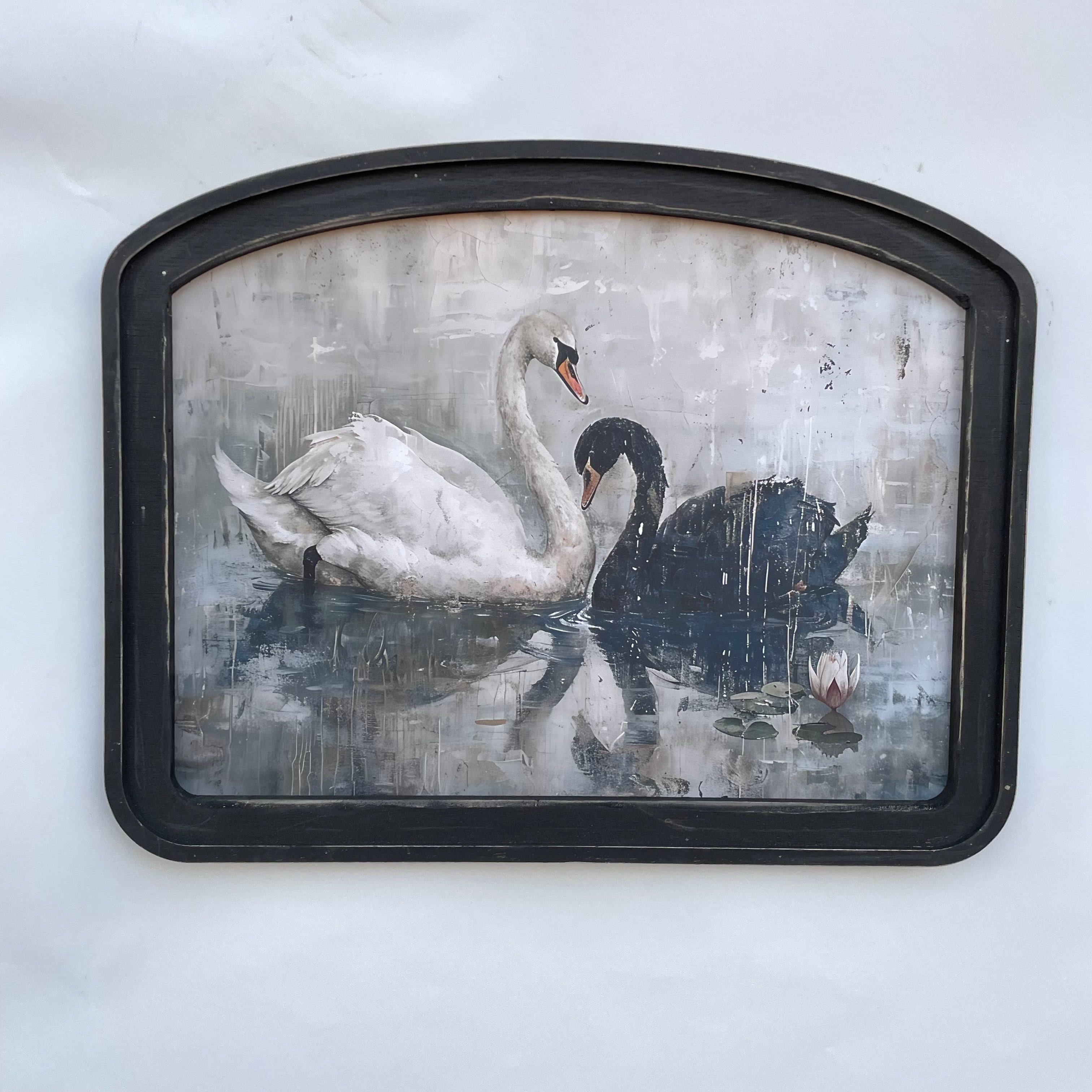 Black and White Swan Arched Frame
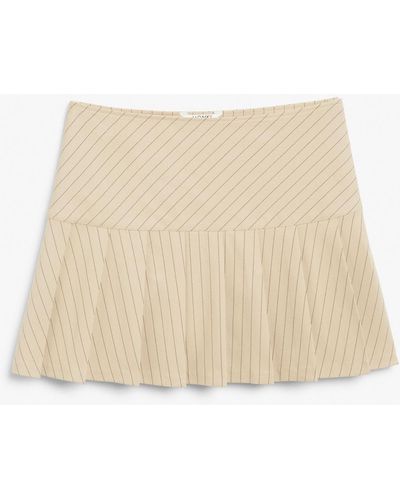 Monki Classic Pleated Mini Skirt - Natural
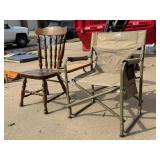 Wood Chair & Camping Chair with Side Tray
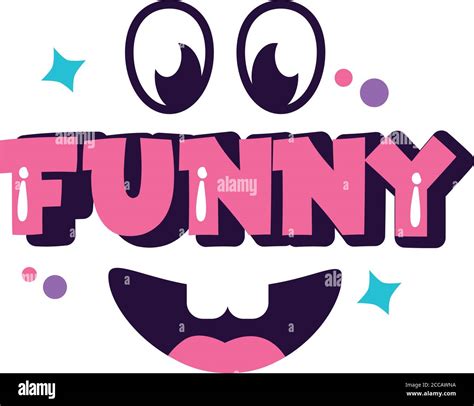 slang expresion funny word  face   fill style vector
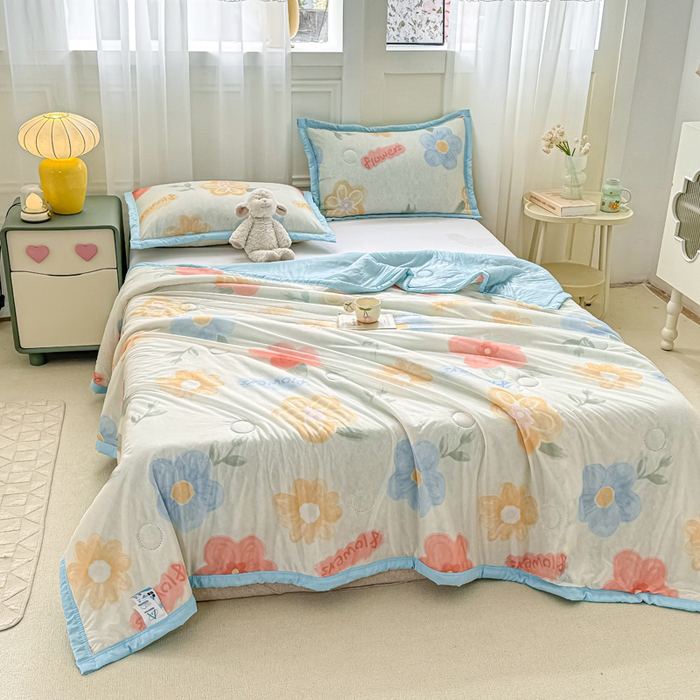 91家纺网 家纺一手货源 找家纺 顺顺家纺 2025新款凉感丝印花夏被空调被 夏花灿烂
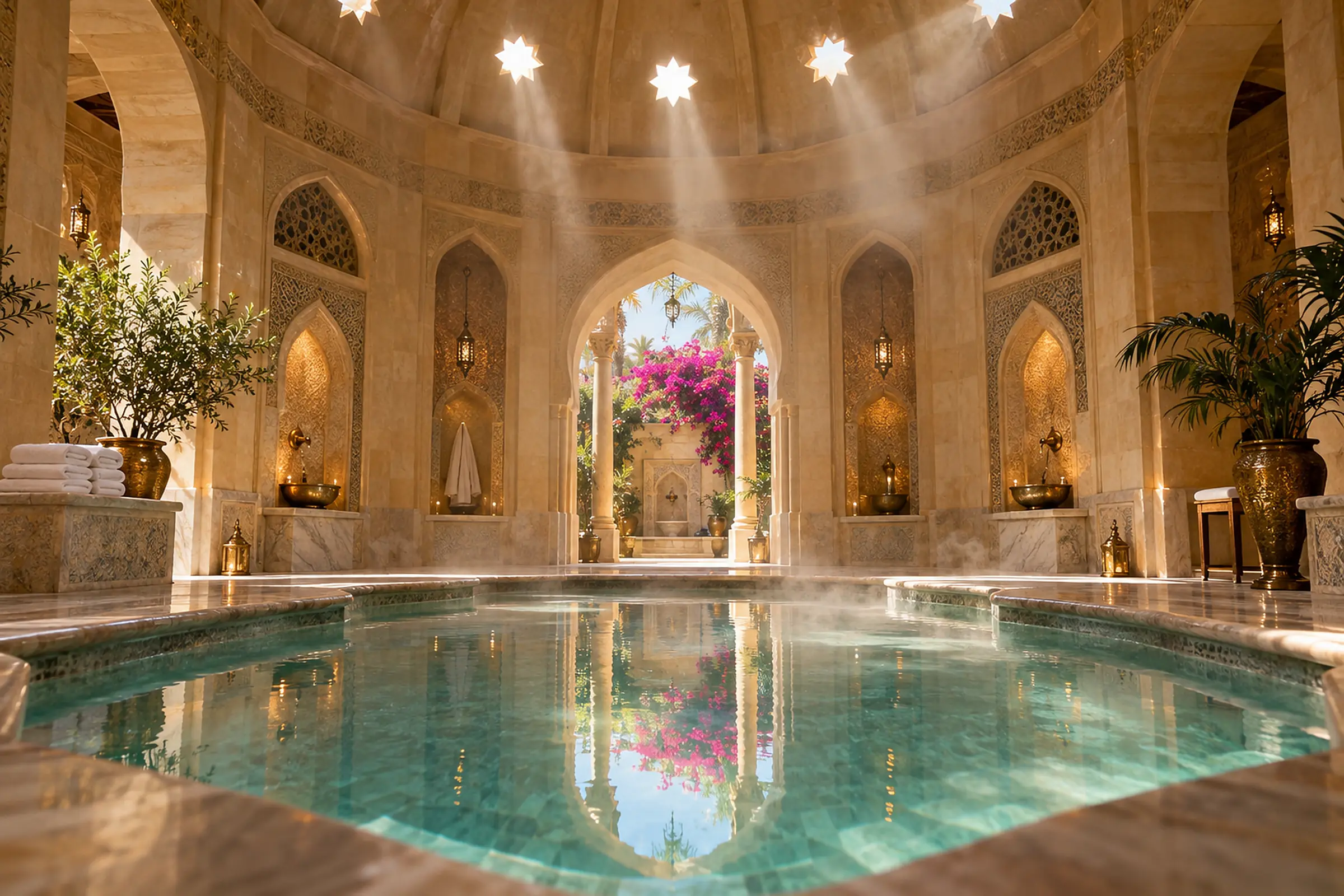 The domed hammam: a turquoise pool under shafts of sunlight from star-shaped skylights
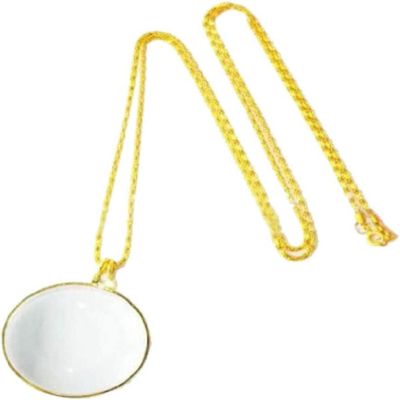 10X Magnifying Glass Necklace Pendant, Portable Pocket Magnifier for Reading, Ideal Gift for Seniors, Gold Magnifier with Chain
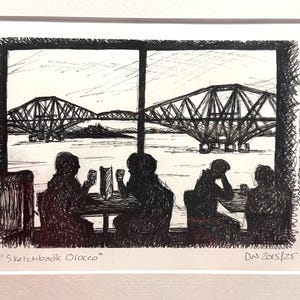 May include: Monochrome ink sketch of a bridge over water, seen through a window. Silhouetted figures are seated at tables in the foreground. The artwork is titled "Sketchbook Olocco" and signed "DN 2015/25".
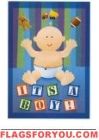 7 left - Our New Baby Boy Garden Flag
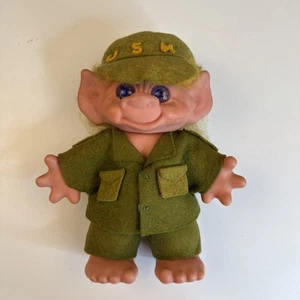 Vintage 1960s Dam Troll Yellow Hair Blue Eyes USMC Outfit Rare 8” - Picture 1 of 5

• _Task objective_: Please copy out the material above exactly, with the images removed.

• _Task response_:
 Black and White Swan Arched Frame
 Monki Classic Pleated Mini Skirt - Natural
 Wood Chair & Camping Chair with Side Tray
 slang expresion funny word  face   fill style vector
 91家纺网 家纺一手货源 找家纺 顺顺家纺 2025新款凉感丝印花夏被空调被 夏花灿烂
 The domed hammam: a turquoise pool under shafts of sunlight from star-shaped skylights
 10X Magnifying Glass Necklace Pendant, Portable Pocket Magnifier for Reading, Ideal Gift for Seniors, Gold Magnifier with Chain
 May include: Monochrome ink sketch of a bridge over water, seen through a window. Silhouetted figures are seated at tables in the foreground. The artwork is titled "Sketchbook Olocco" and signed "DN 2015/25".
 7 left - Our New Baby Boy Garden Flag
 Vintage 1960s Dam Troll Yellow Hair Blue Eyes USMC Outfit Rare 8” - Picture 1 of 5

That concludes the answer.